Sandy Hook has been a quiet enclave of distinctive homes, thanks to Mary Rockwell Hook. She studied architecture before it was a suitable career for women, and in 1952 she designed the first two winter cottages in her Sandy Hook development, off Ocean Boulevard.
" It's special because Mary gave young architects the chance to build there," said Libby Hook, her daughter-in-law. "I'm happy the buyers of my Tim Seibert home will save it. Everyone loved that house." Seibert, Victor Lundy, Ralph and Tollyn Twitchell, Frank Folsom Smith, Jack West, William Rupp, Jim Holliday and even Paul Rudolph designed some of the early modernist homes. Rudolph introduced his barrel-roof design in a small beach house that was enlarged in 1979 by owner Walter Macomber, the late restoration architect at Williamsburg, Va.
The round house that Hook built for herself was really an octagon with each pie-shaped section forming a room with the outer wall almost entirely glass. That house and many others gave a feeling of being outdoors. She and Seibert designed the most Sandy Hook houses.
Libby Hook, who recently moved to the mainland, said she'll miss the friendly neighborhood of 42 homes and walking on the beach. Neighbors share a private beach where Big Pass meets the Gulf of Mexico.
That very beachfront is bringing changes to Sandy Hook. Directly on the water at 2 Sandy Hook Road, David Fields and Brian Anderson of Gulfside Homes are building a house with more than 5,400 square feet. Brandyn Herbold of Brandyn & Co. is listing it for $5.9 million, including the historic Carousel House, designed by Tollyn Twitchell. The Carousel was moved near the road to make room for the new house. Architect Bill Whitmer designed the new, elevated house with some of the curving features of the carousel, which will become the guest house.

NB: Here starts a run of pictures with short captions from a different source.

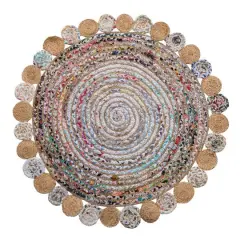 Hello Honey&reg; Multicolor Boho Round Woven Cotton Chindi and Jute Rug with Circle Trim, 4ft. x 4ft.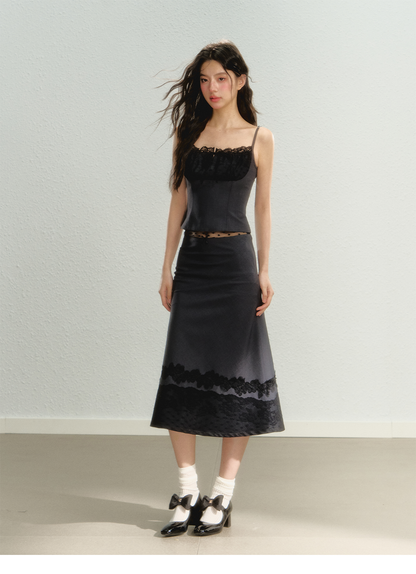 Lace Spaghetti Strap Tank Top &amp; Mini Skirt Set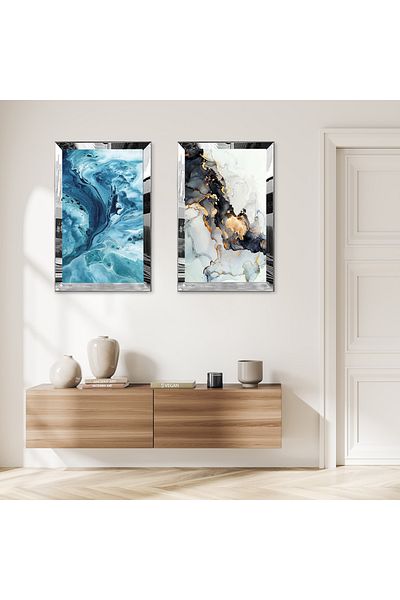 Zevahir Mobilya Dekorasyon SET DE MASA MDF DUBLA BLUE SEA WAVES CU CADRU DE PLEXY CU Oglinda SILVER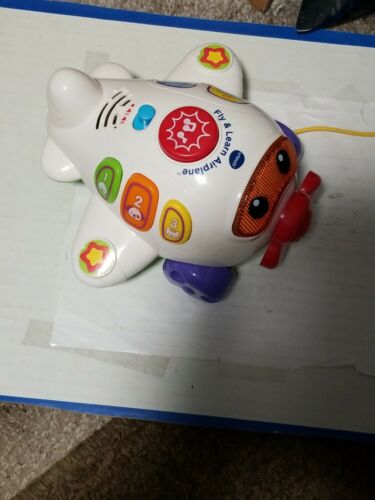 Vtech Interactive Musical Fly & Learn Airplane Toy Lights Sounds Baby Push Pull - Photo 1/8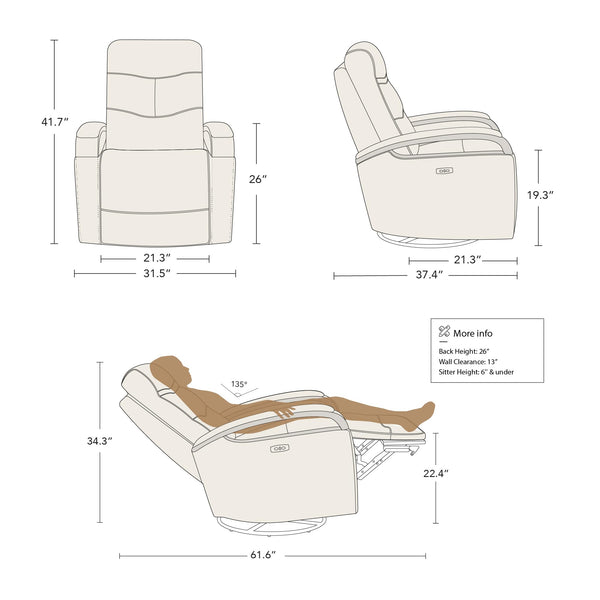 Power Swivel Glider Rocker Recliner Chair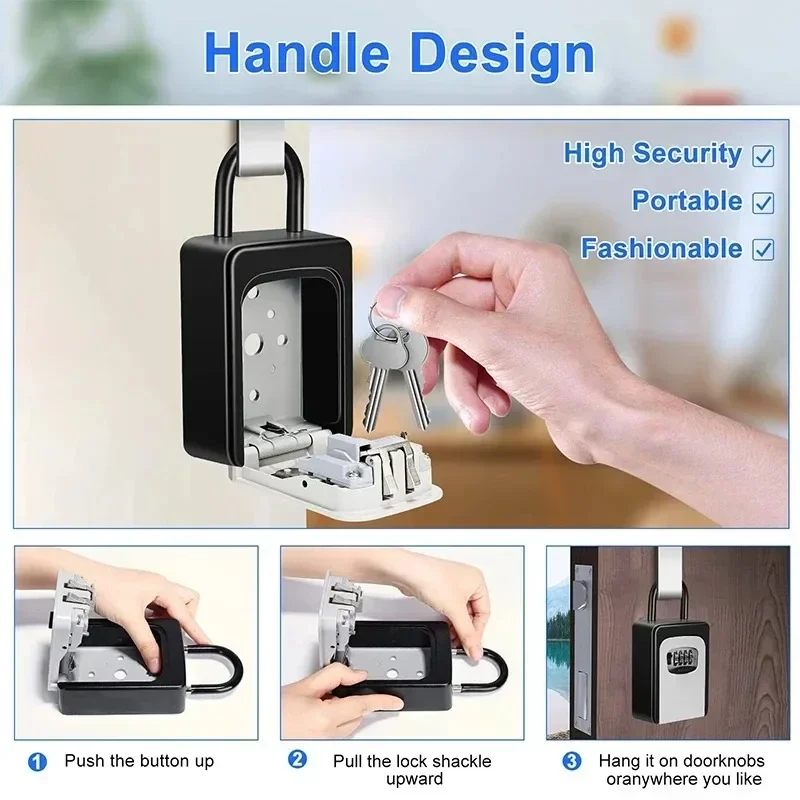 Decoration Password Key Box, Wall-mounted Password Lock Construction Site Cat Eye Installation Lock Box, Metal Anti-theft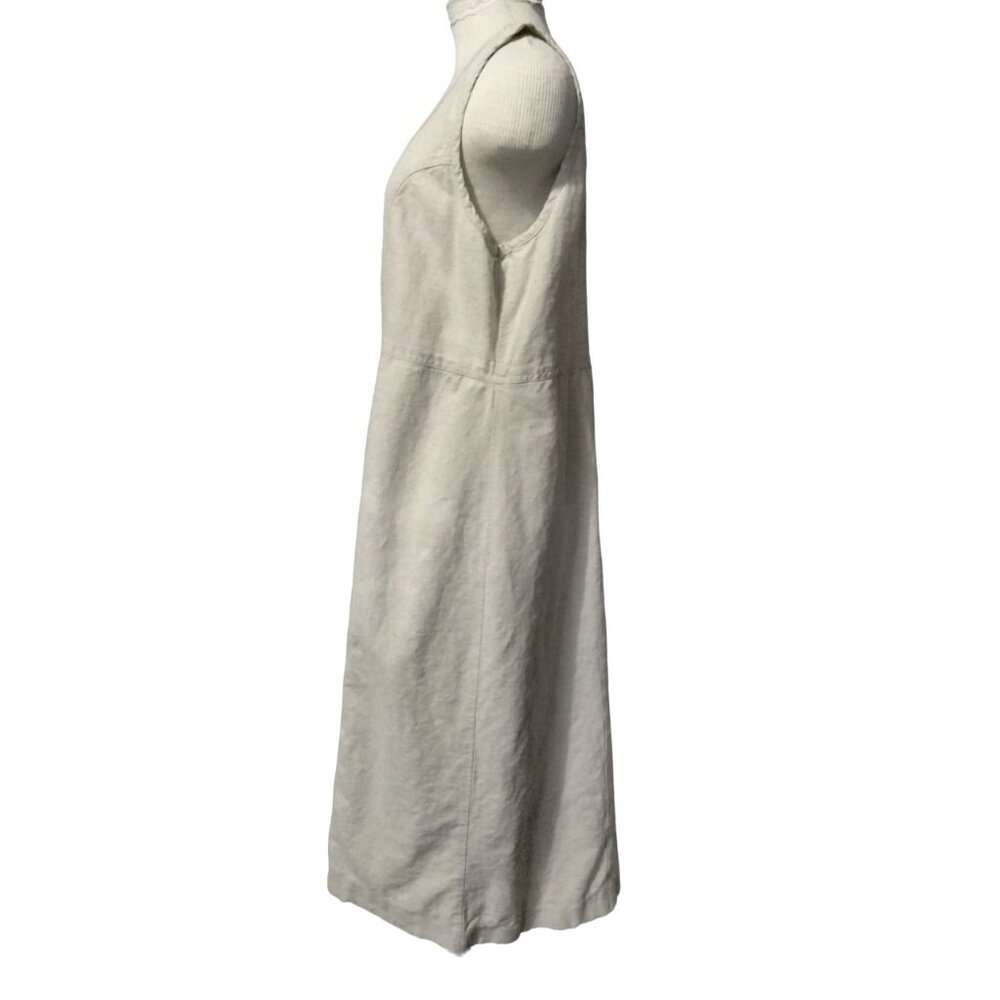 Erika & Co Size Large Dress Khaki Button Front Sleeveless Linen Blend - Picture 4 of 8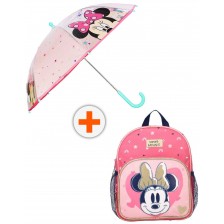 Комплект за детска градина Vadobag Minnie Mouse - Раница с мрежести джобчета и чадър, Little Precious -1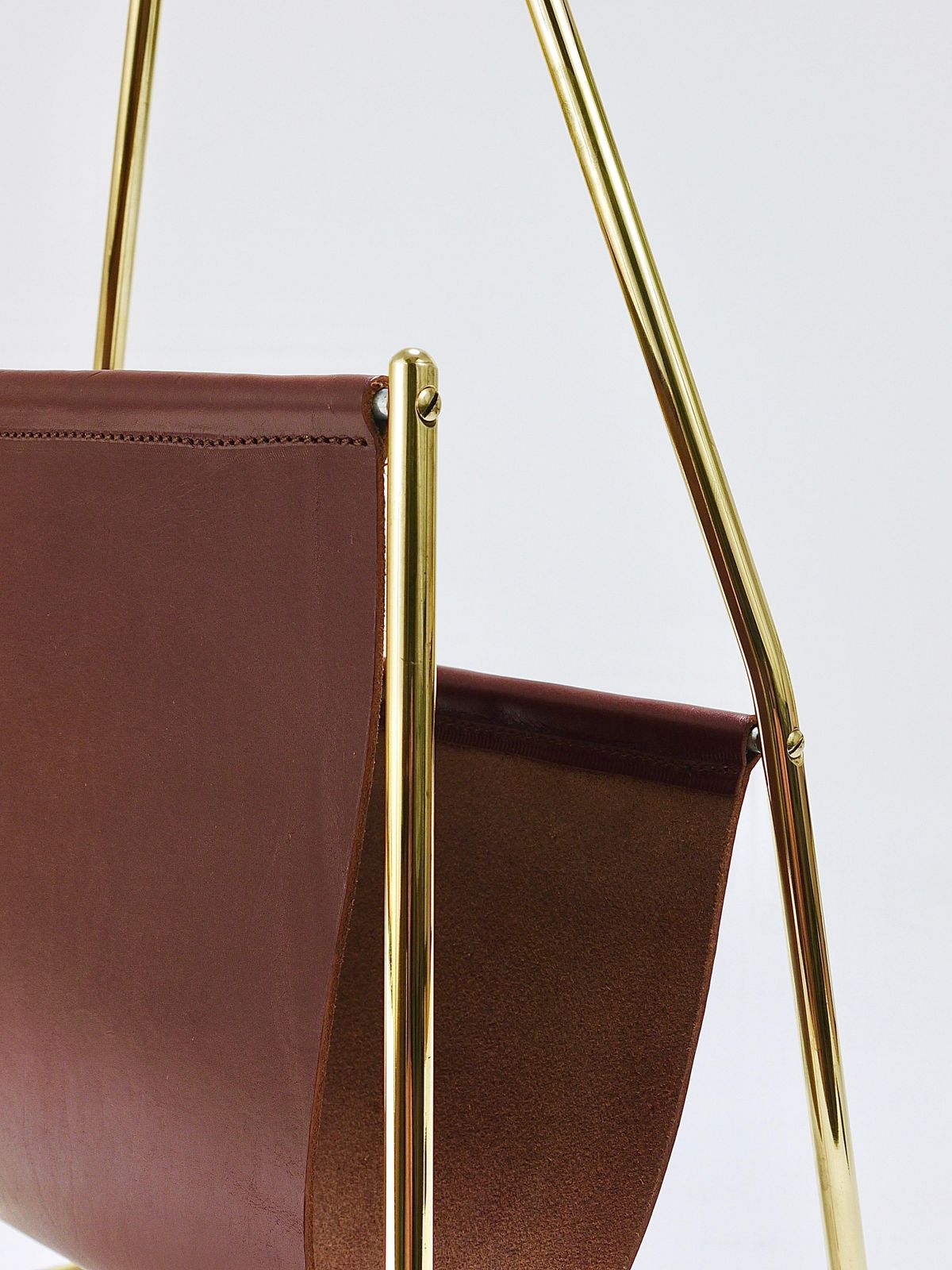 Home Decor Carl Auböck II Midcentury Magazine Rack, Brass & Brown Leather, Vintage, Austria photo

Next door, an elevated 1995 house is listed for $6.5 million by Les and Becky Freed of Century 21 Advantage, Siesta Key. The Freeds live in Sandy Hook in a remodeled 1968 house that's built around a 16-foot-tall octagonal great room with clerestory windows.
" We really liked the house and we wanted to be near the beach, not directly on it. The house was a challenge to furnish because there's not a square corner," Les Freed said. "It's a close-knit neighborhood; a short walk from the Village. "
The house he's listing was designed by architect George Palermo and built of poured cement by Bruce Saba on the footprint of a house that had burned. That means it's closer to the water than the $5.9 million house being built to meet newer coastal setbacks.
" It has spectacular 270-degree views and it's cozy for having 6,700 square feet, " Freed added.
Listings are scarce in Sandy Hook, but Kate Tyler of Coldwell Banker has one for $1,795,000. It's an older Cape Cod-style house that she says may be a teardown because the property, with nearly three quarters of an acre, has Gulf views.
" Sandy Hook is a great family neighborhood -- my favorite on the key, " Tyler said.
Her listing, at 34 Sandy Hook Road, is next to Whispering Sands, also part of the 55 acres that Mary and Inghram Hook purchased in 1936 for $10,000. Sandy Hook is the central part of that land, which also includes the condominiums of Sandy Cove. Mary Hook, who died in 1978 at age 101, first designed the Whispering Sands inn and cottages as a haven for artists and writers. Eleanor Roosevelt once visited the inn and mentioned it in her newspaper column. Eventually the rustic winter compound was replaced by the present condominiums.
Ron Stahl Realty has been active in Sandy Hook. Stahl was the listing agent and Brandyn Herbold the selling agent on the $850,000 sale of Libby Hook's home across the street from the private beach access. Tim Seibert designed it with with an atrium, large screened lanai, 8-foot sliders, beamed ceilings and flat roof. It will be a second home for the New Jersey buyers, who have retained Seibert Architects and Pat Ball Construction for the remodeling work.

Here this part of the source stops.